To do
From the line with "a terrace of a house with table and chairs" to the line with "StationeryHaul elegant letter", retype each line exactly as it stands in the records below, but skip the pictures.
Given information section start
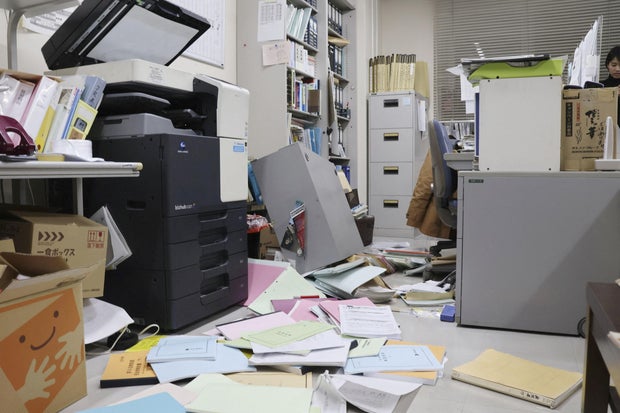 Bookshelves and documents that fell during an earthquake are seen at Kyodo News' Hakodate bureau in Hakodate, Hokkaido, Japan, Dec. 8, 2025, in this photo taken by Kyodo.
Given information section end
Given information section start
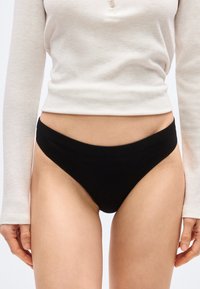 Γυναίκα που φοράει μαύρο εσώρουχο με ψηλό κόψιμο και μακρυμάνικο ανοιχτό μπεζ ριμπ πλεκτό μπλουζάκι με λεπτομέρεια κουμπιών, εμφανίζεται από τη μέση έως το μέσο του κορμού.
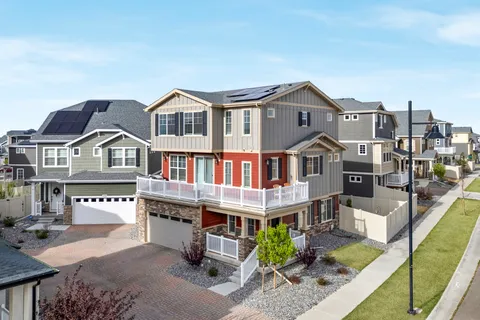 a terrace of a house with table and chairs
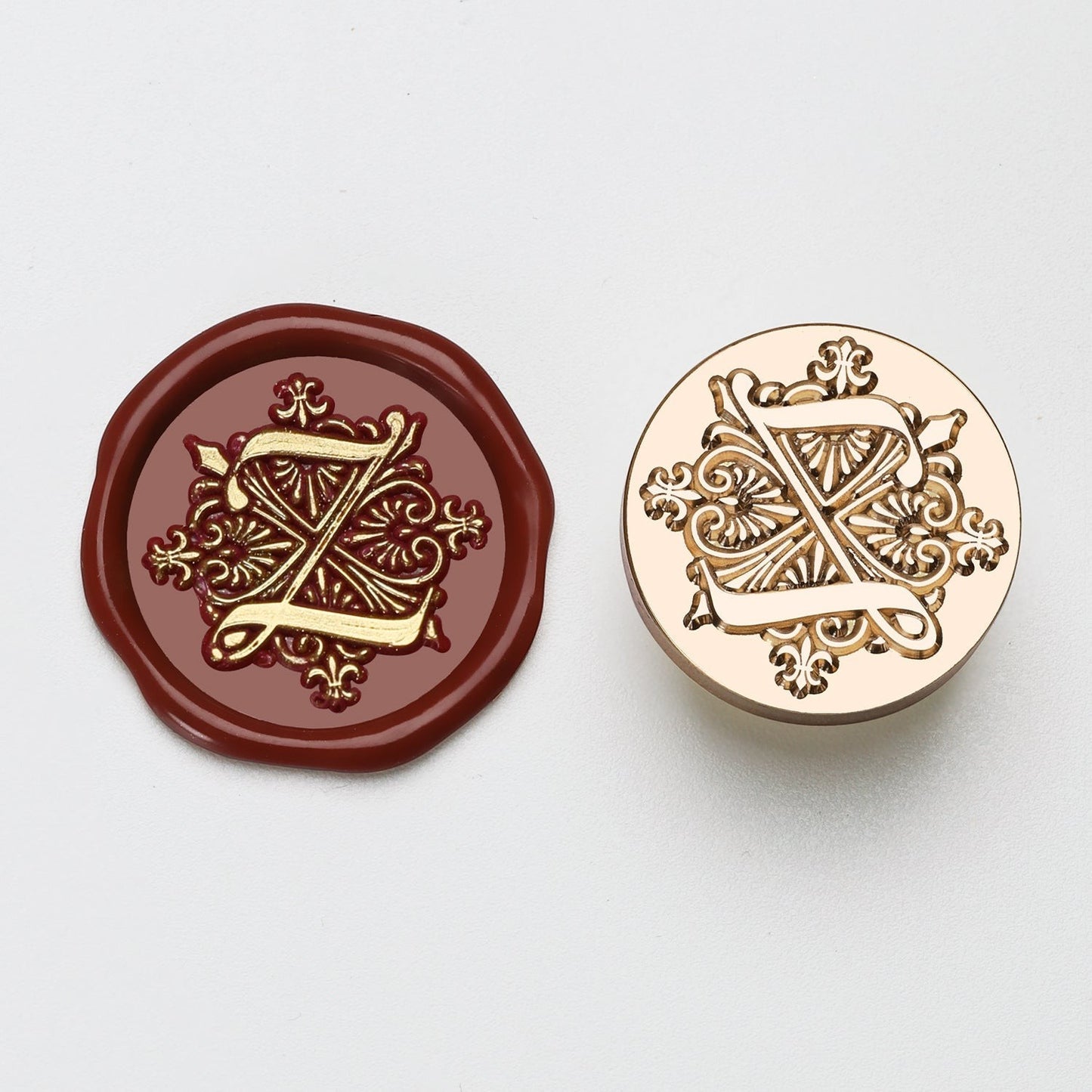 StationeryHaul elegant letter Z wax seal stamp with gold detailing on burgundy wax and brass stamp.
Given information section end
Answer section
 a terrace of a house with table and chairs
 StationeryHaul elegant letter Z wax seal stamp with gold detailing on burgundy wax and brass stamp.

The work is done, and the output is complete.